§ Prompt
Each line of the listing must be transcribed exactly, except for the images, which should be excluded.

§ Provided material
------------

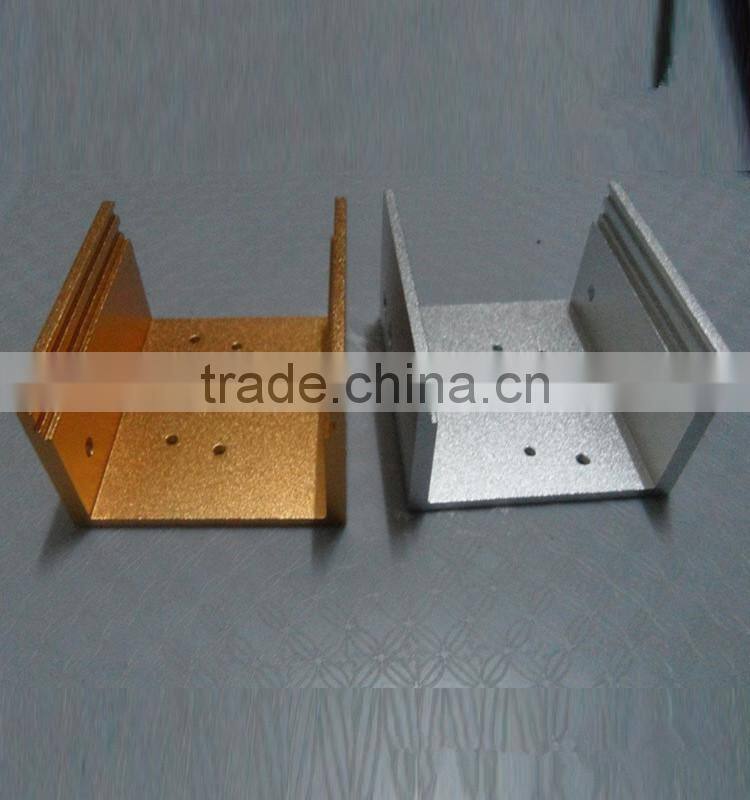 CNC machined color anodized aluminum distribution box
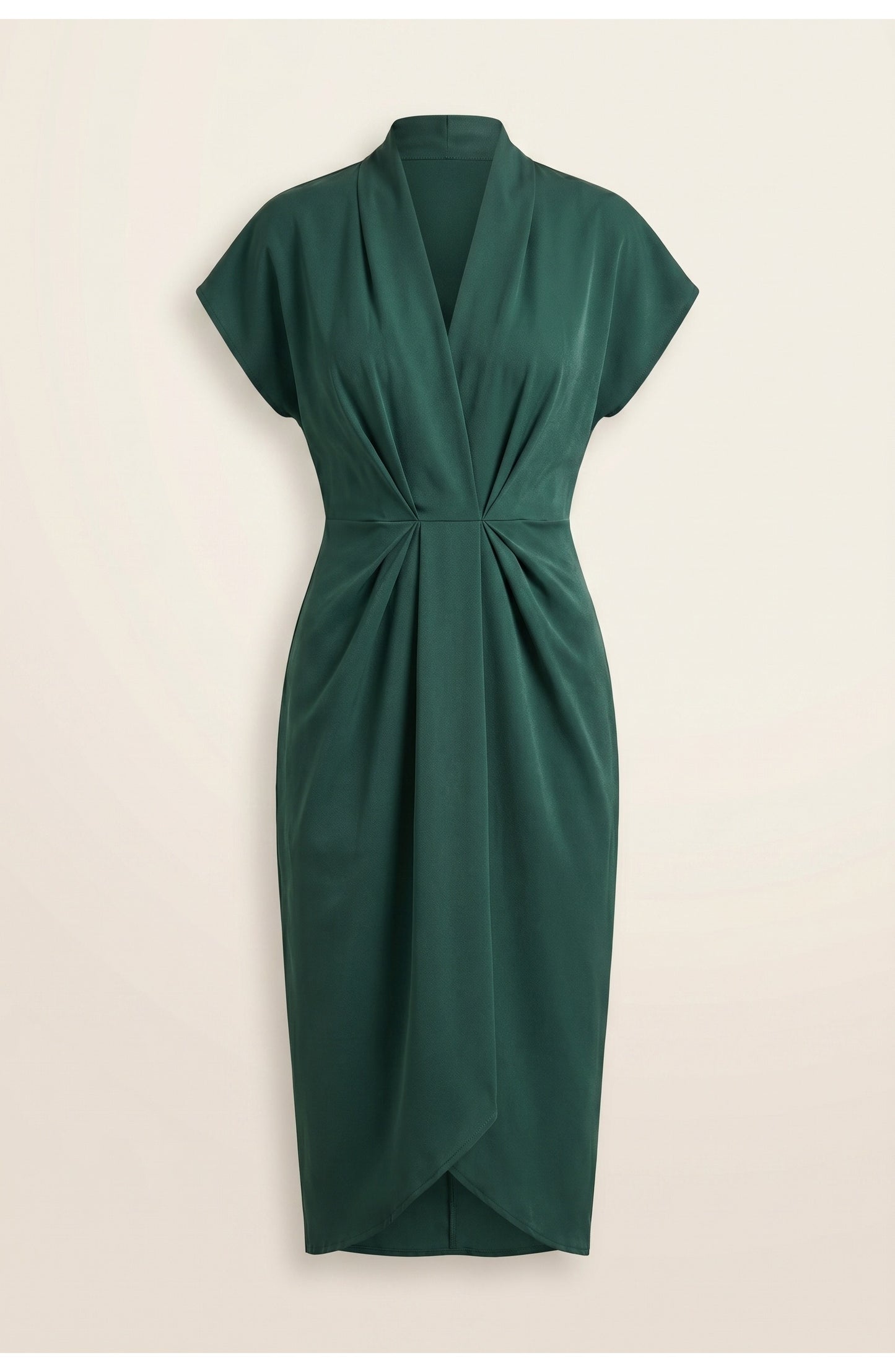 Léonore Women's Wrap Dress | V-Neck | Short Sleeves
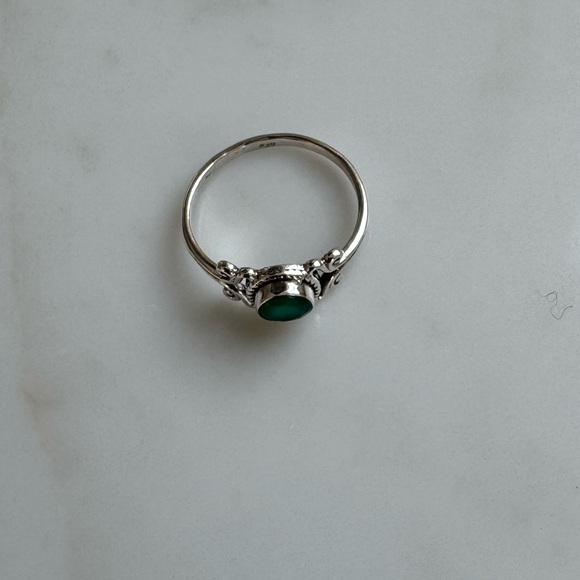NWOT Sundance Pinecrest Ring, Green Onyx, Sterling Silver - Picture 5 of 7
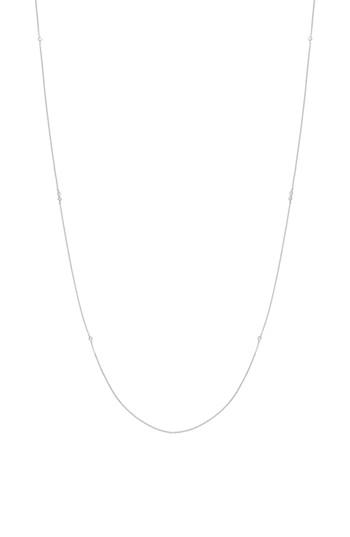 Women's Bony Levy Mila Long Strand Diamond Station Necklace (nordstrom Exclusive)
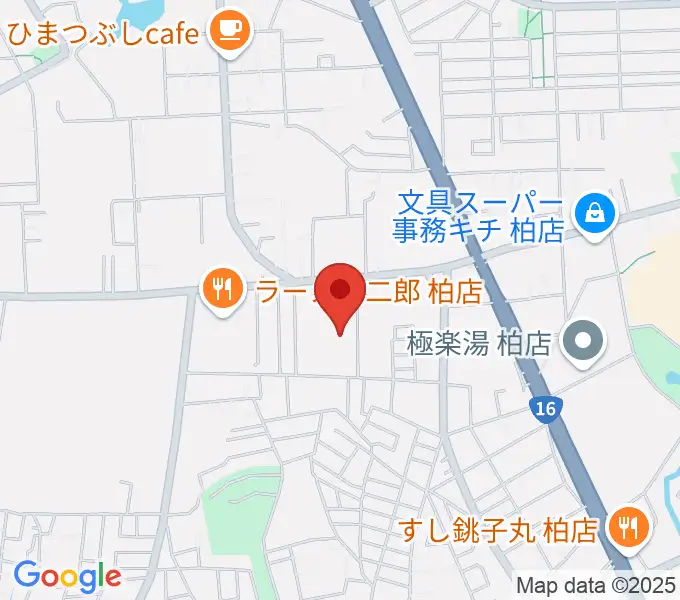 みのりの湯柏健康センターの地図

------------

§ Solution to the problem
 CNC machined color anodized aluminum distribution box
 Léonore Women's Wrap Dress | V-Neck | Short Sleeves
NWOT Sundance Pinecrest Ring, Green Onyx, Sterling Silver - Picture 5 of 7
 Women's Bony Levy Mila Long Strand Diamond Station Necklace (nordstrom Exclusive)
 みのりの湯柏健康センターの地図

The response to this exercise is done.